You will also notice that the bottom of the sheet shows the options made a net profit of almost $13,000. We would have been MUCH better off with a loss in the option positions as a likely stock profit would have been an even better example.
But the purpose of this example is NOT to show off how good we are. If we wanted to do somersaults and magic tricks, we could have picked trades like our Advanced Risk Reversals or Rolling Thunder trades that had zero money into the position, yet have the capability of making, say, $55,000.
The purpose is to illustrate how options have gotten a bad reputation. They are risky in the hands of someone inexperienced just like a chainsaw in a drunk's hands, which usually results in a trip to the emergency room. But options were designed as a risk management tool and that is what we are trying to show.


CLOSING
We in fact closed this position out in July after the stock got back to the original purchase price of $54.57. The profits were astronomical since we didn't lose on the stock. As a matter of fact, we ended up picking up even more shares along the way between June and July. Again, showing off is not the purpose.
Had we closed the position with the stock unchanged, it would not have demonstrated the power of hedging. The fact that the stock was LOWER than every share purchase price and we were still up $5,557.15 (-$7394.85 stock loss + $12,952 option profit) shows how a hedge can save someone from financial ruin.
MATH CLOSE STOCK ONLY
Had we just bought the original $900 shares of stock for $54.57, we would have lost $6.32 per share (-$5,688). This is a NET -11.6% LOSS.
MATH CLOSE HEDGED
We made a total of $5,557.15 on our initial investment of $49,113 ($54.57 X 900). This comes to an 8.8% return in a stock that is down. What is more remarkable is that we keep picking up more and more shares without adding a penny to the position.
Had the stock been purchased on margin, we would have put up half the money and doubled our returns to 17.6%.

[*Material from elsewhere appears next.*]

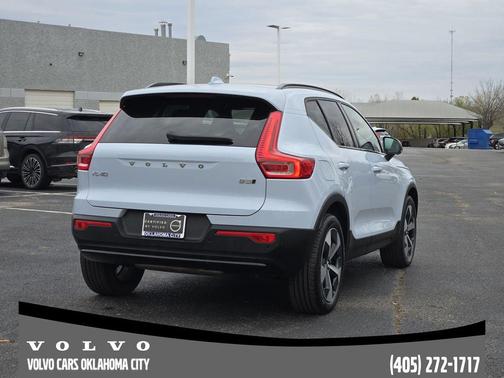 2025 Volvo XC40 B5 Plus Dark Theme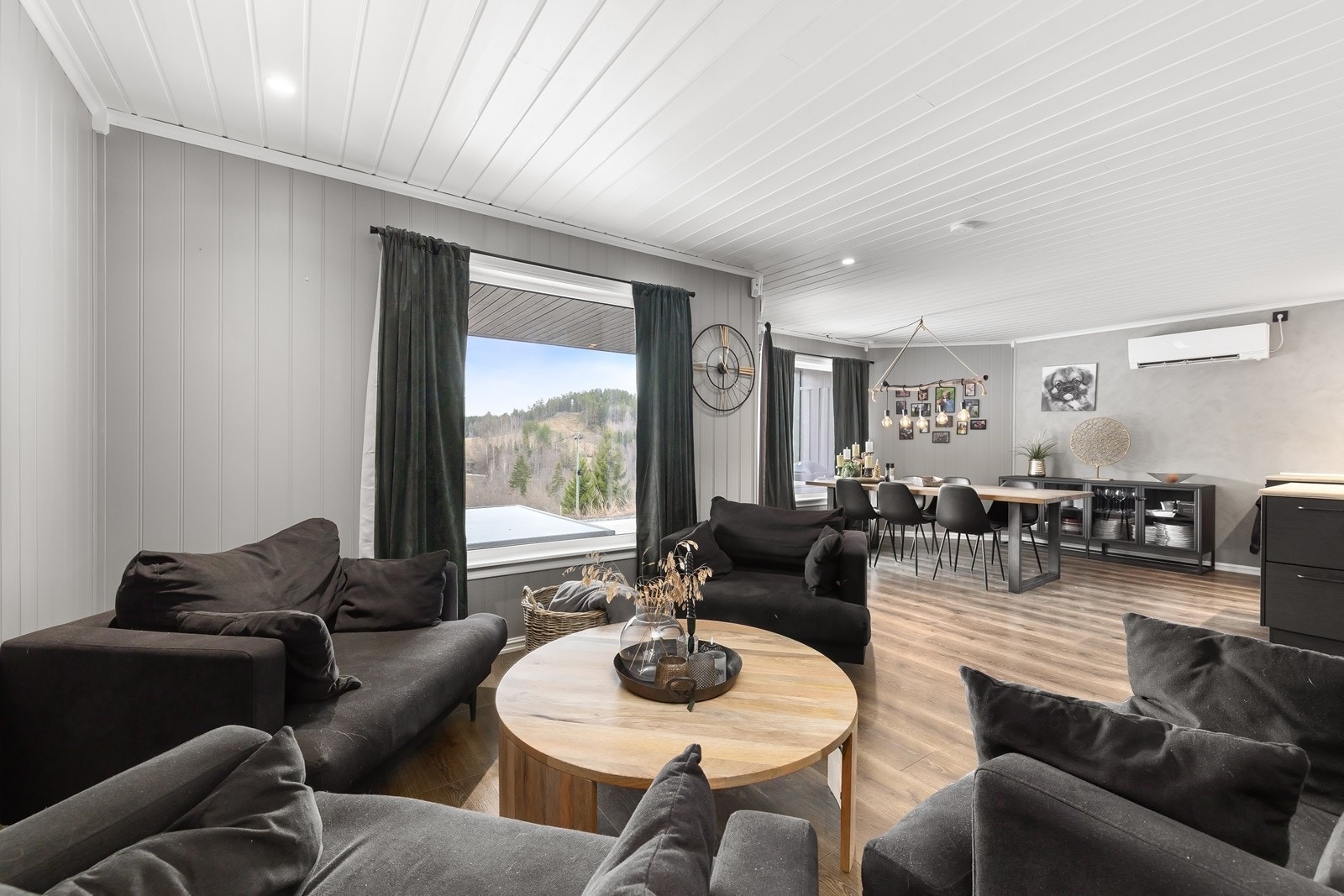 Store vindusflater slipper inn rikelig med lys. Overflatene i rommet er hovedsakelig fra 2019. Galleribilde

Want to do something really pretty? Figure out how much stock we started with on our original $49,111 investment and how much we ended up with. Remember, we had 1196 shares trading at $48.25. We now have a stock position worth $57,707.
LESSON:
Hopefully this short study opens one’s eyes into the power of hedging. Many people are trading afraid for no reason. Knowing the position is safe is often worth more than even the additional profits. Without the hedge, we would have lost at 11.6%, but with the hedge, we made 17.6% (on margin). That is a 29.2% absolute swing in less than 9 months.